Similarly to the previous division of the Neo-Classical and Romantic art, the division of Post-Impressionism movement also existed onto a more structural, formal, nearly scientific design style of artist Georges Seurat with his dot theory, later known as pointillism and Paul Cézanne, who concentrated his practice on the research of the color planes, while on the other, the art of French painter Gauguin, van Gogh, and Toulouse-Lautrec emphasized the expression of emotions and sensations through light and color. Out of these two trends of Post-Impressionism art, emerged the extremes of the individual styles of the 20th-century art, ranging from Cubism to Surrealism.
The Different Approaches, Concepts, and Styles
The earliest indication of the new trend that broke with Impressionism was the painting style of Georges Seurat. He developed a style of painting known as Pointillism, which refers to the use of a point or dot as the basis for the construction of a painting. His method of painting, scientifically thought after, following a rigorous pattern design and employing even one of the oldest compositional tools, the golden section, kept the bright and unmixed color scheme of the Impressionism paintings and open-air themes but added a design based on geometrical shapes. The perfectly balanced compositions of Seurat’s paintings differ immensely from the vibrant and screaming paintings of Vincent van Gogh. Attempting to express the deepest emotions, and the expressions of his tormented soul, van Gogh’s paintings relied upon the saturated colors and broad brushstrokes to evoke the inner turmoil of the artist. Both van Gogh and Paul Gauguin rejected the ‘ abominable error of naturalism’ in favor of a more personal, spiritual expression.

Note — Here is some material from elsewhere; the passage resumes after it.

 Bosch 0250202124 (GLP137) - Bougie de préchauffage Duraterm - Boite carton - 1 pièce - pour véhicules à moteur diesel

“ I dream of painting and then I paint my dream.” - Vincent van Gogh
Van Gogh and Gauguin shared an interest in symbolic content and produced images that were subtracted from their natural appearances, where the artist’s feelings about the subject matter, and his views on the aesthetic consideration of color, line, and form, were the most crucial elements for the creation of their paintings. Van Gogh was also influenced by a variety of sources, and his love of the stylized representations of Japanese woodblock prints was also evident in the work of Henri de Toulouse-Lautrec, whose unique depictions of the Parisian nightlife resulted in paintings and lithographs that were built with the strong outlines and flat planes of color of the Japanese woodblocks.